[Provided records]:
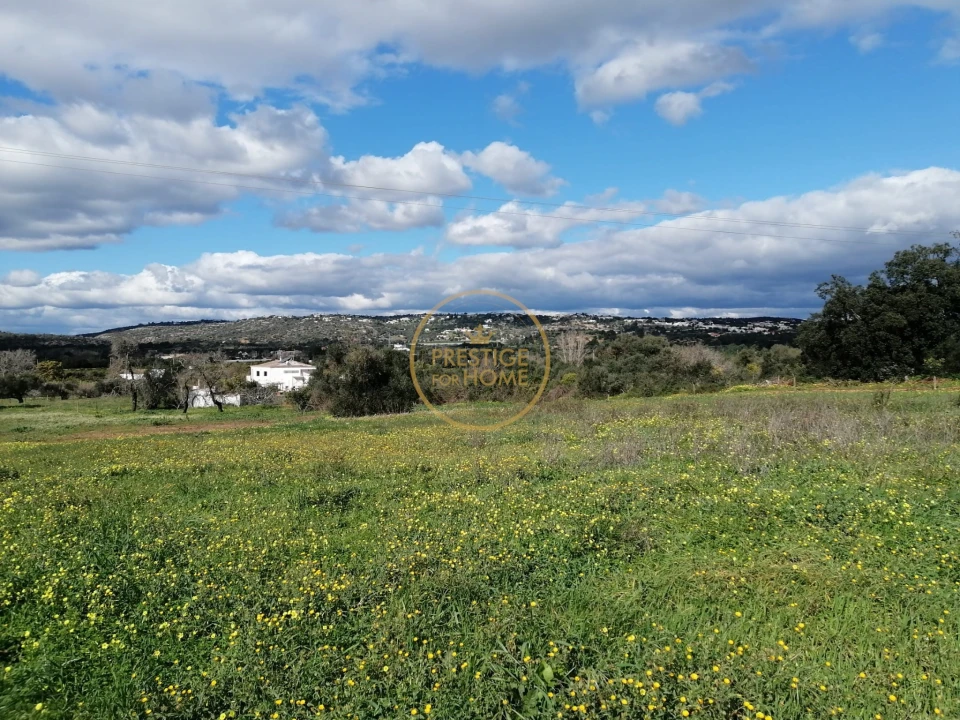Terreno para Venda em Boliqueime Foto 8
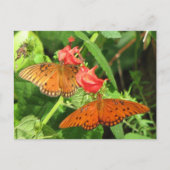 Briefkaart Gulf Fritillary Duo (Voorkant)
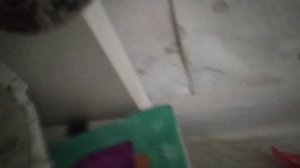 Утро с Басиком–Басик снял влог сам🌅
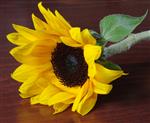 a lying down sunflower on a mahogany background
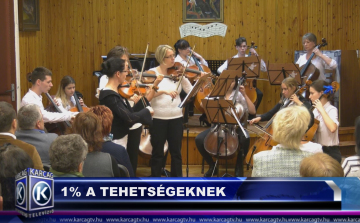 1% A TEHETSÉGEKNEK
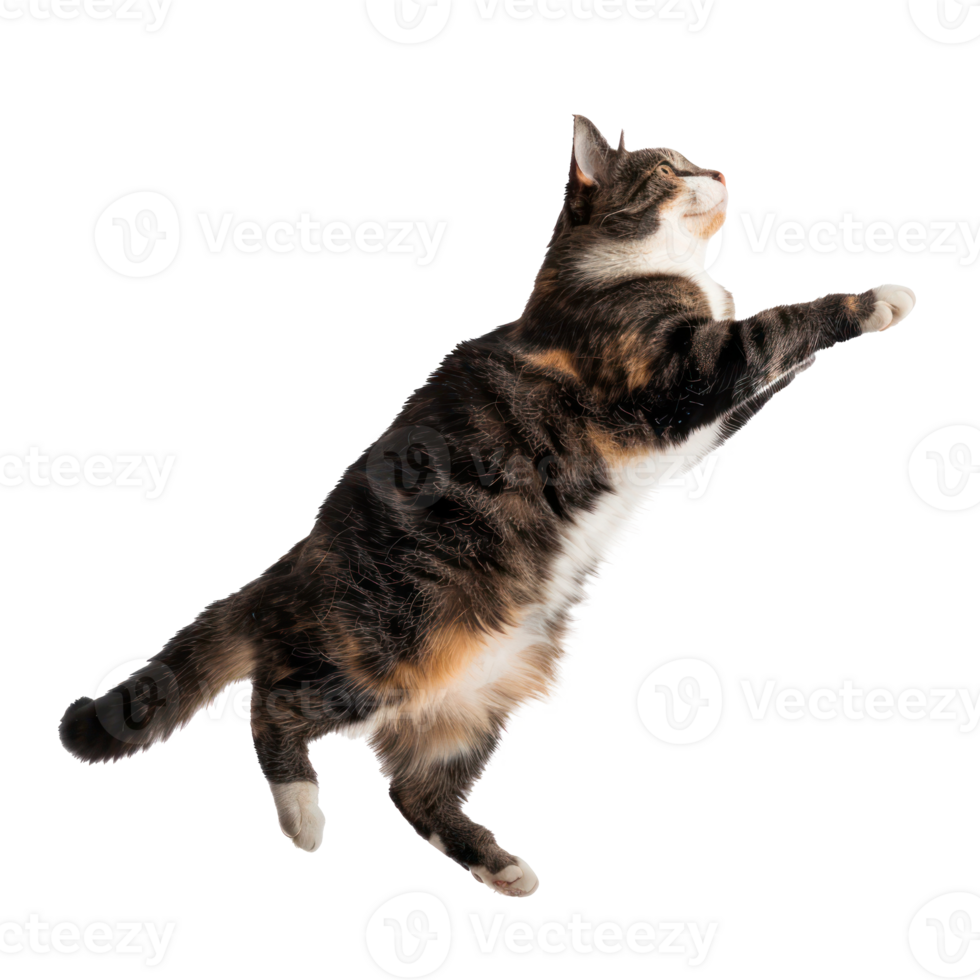 floating full body cat isolate on transparency background png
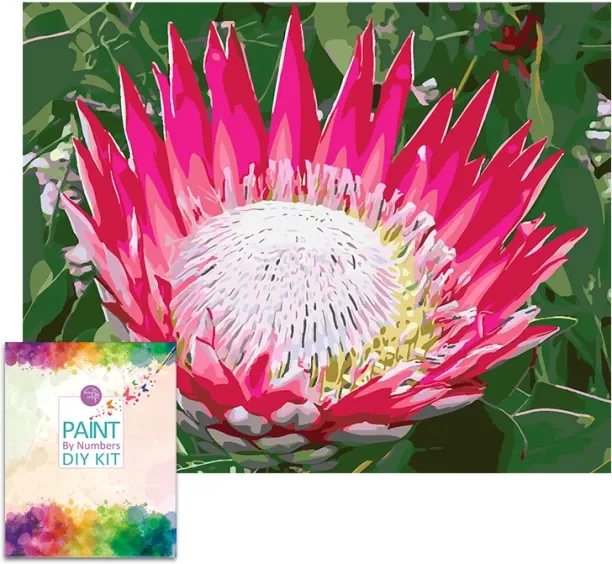 Easy Craft Paint by Number DIY Kit, 50x40cm Craft Kits Art and Craft Kit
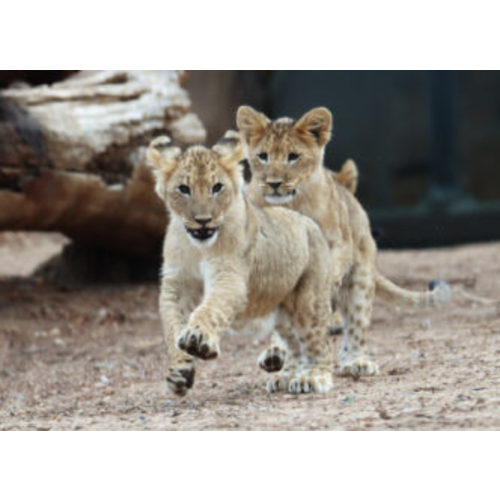Dual Membership - Denver Zoo Conservation Alliance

[What needs to be done]:
The data needs to be reproduced exactly, please, apart from its pictures.

[Response area]:
Terreno para Venda em Boliqueime Foto 8
 Briefkaart Gulf Fritillary Duo (Voorkant)
 Утро с Басиком–Басик снял влог сам🌅
 a lying down sunflower on a mahogany background
 1% A TEHETSÉGEKNEK
 floating full body cat isolate on transparency background png
 Easy Craft Paint by Number DIY Kit, 50x40cm Craft Kits Art and Craft Kit
Dual Membership - Denver Zoo Conservation Alliance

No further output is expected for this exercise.